I am participating in the March Slice of Life Challenge: A slice a day for all of March. You should do it too! Thank you, Two Writing Teachers! Readers, check out their site, and start slicing!
Celebration Slices! Thanks Ruth Ayres for this wonderful link up!
1. “In 35 minutes, I’m going over to Granny’s.” H tells me. Then 5 minutes later. “What time is it? In 30 minutes I’m going over to Granny’s.” At 10:53, he was set. “At 10:56, I’m going.” He told me. Every Saturday, my mom takes one of my kids out for lunch and then spends some quality time with them. They each look forward to the time, and I’m so thankful for it too. Watching H race across the street, dutifully looking both ways was a joy to celebrate. What lucky kids I have… getting to spend time with their grandparents.

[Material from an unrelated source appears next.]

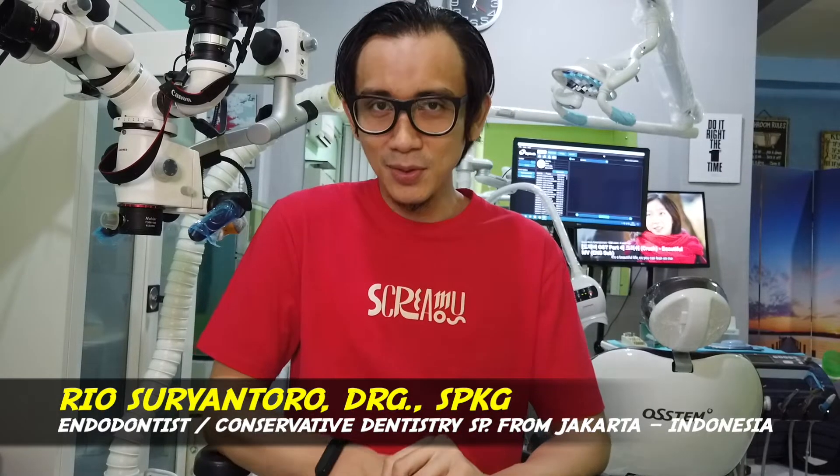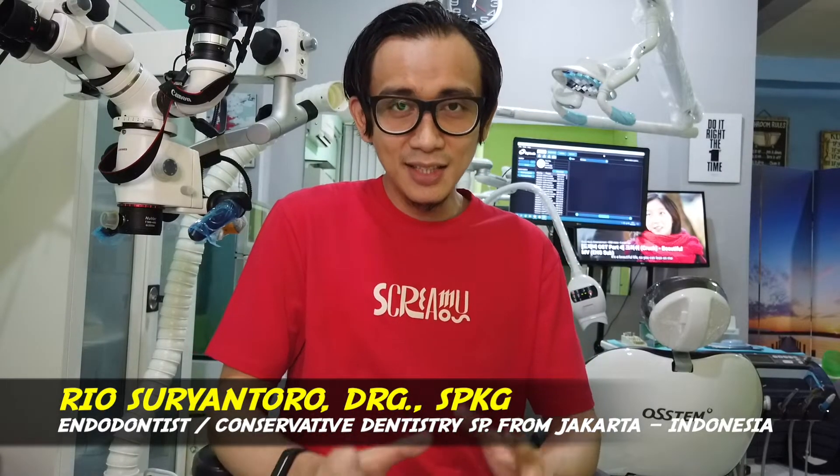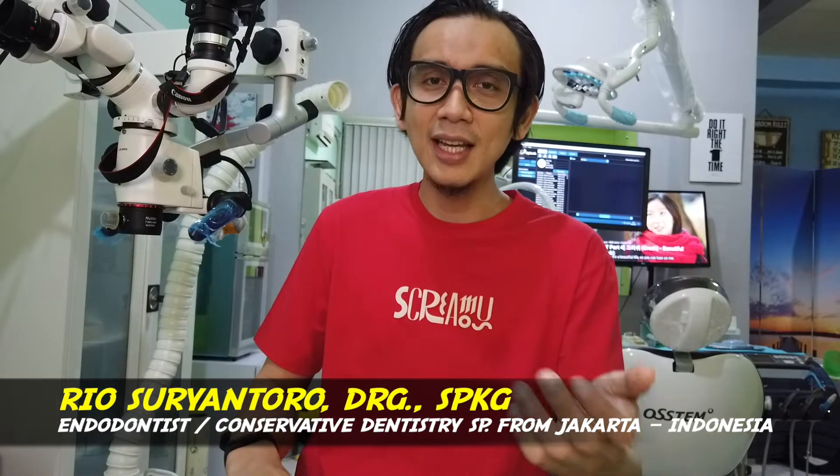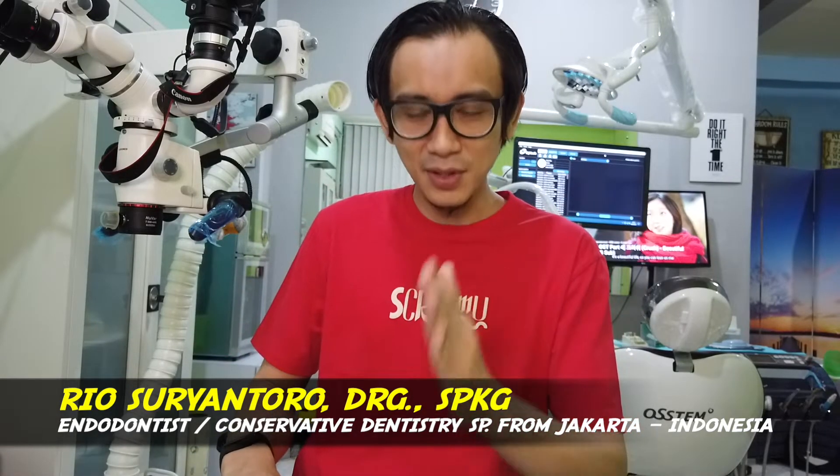Hi, good morning. My name is Sirio. I'm in the office from Jakarta. And in this video, I'm going to give you three examples on how to do a continuous active ultrasonic irrigation by using ultrasonic file, or we usually call it U-file, attached to the ultrasonic device. I use Ultramine from Active.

2. E wanted to use his gift card for a lego at the store. While we stood in the lego aisle, L looked up at the giant sign that said “BOYS.” She grimaced and said quietly to me, “That is so sexist.” I’m so proud that she noticed that, and that she spoke up about it. I hope she keeps noticing things and speaking up, louder and louder as she grows.
3. Yesterday my team celebrated Global School Play Day. Yes, we were a month or so late… but what a celebration! The students were excited, as they carried favorite games into the classroom: Monopoly, Pictionary, cards, Battleship, Clue. Kids these days are stressed and anxious, and they don’t get the chance to play enough. I was happy to dedicate a day to play. Even if play wasn’t the work of children, and wasn’t ripe for opportunities to learn, I would still think it was worth our time. But, play does create learning opportunities, and time for kids to learn how to be in control. Win-Win! One of the TED Talks I watched, by Jill Vialet mentioned the philosopher, Bernard Suits’ explanation of play: “Playing a game is the voluntary attempt to overcome unnecessary obstacles.” She goes on to talk about the work of play: “They choose it, it’s a challenge. No longer should you think of play as the opposite of work or the purview of slackers. It is the fundamental sign of our inner drive and ambition.” The other TED Talk was on the decline of play. Sad to watch, but important.